*WHAT THE TASK REQUIRES*.
A faithful transcript of every entry is required; pictures do not belong in it.

..........

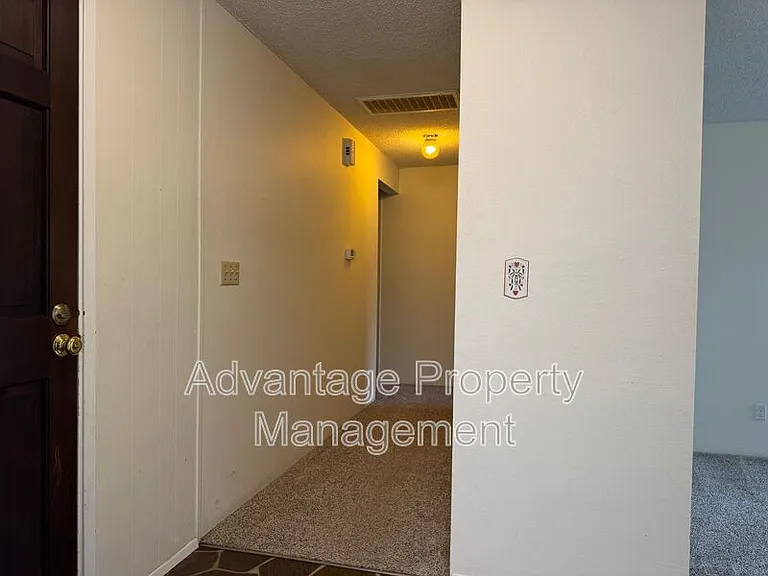 1440 NW Meadowgreen Pl — Photo 24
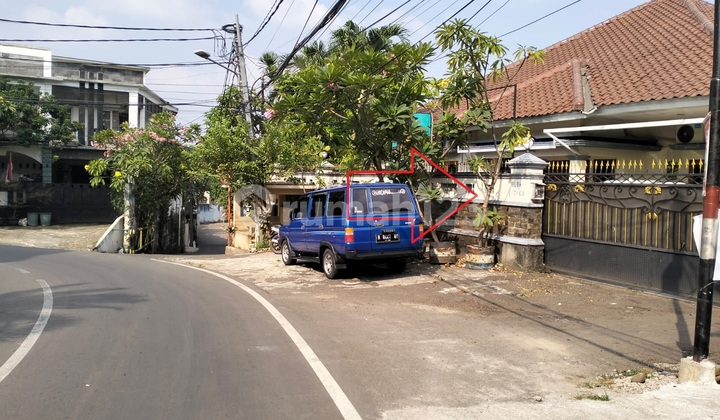 Affordable 1-story house with SHM, cash only, in Gudang Peluru Selatan, Tebet, West Jakarta. 2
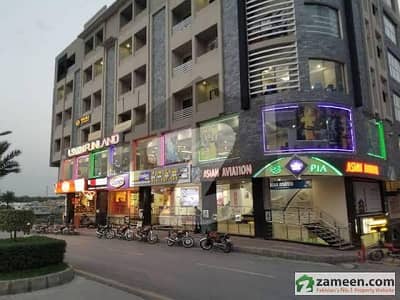 Shop Available For Sale
Investor Rate Good Location
Business Hub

..........

*WRITTEN RESPONSE*.
 1440 NW Meadowgreen Pl — Photo 24
 Affordable 1-story house with SHM, cash only, in Gudang Peluru Selatan, Tebet, West Jakarta. 2
 Shop Available For Sale
Investor Rate Good Location
Business Hub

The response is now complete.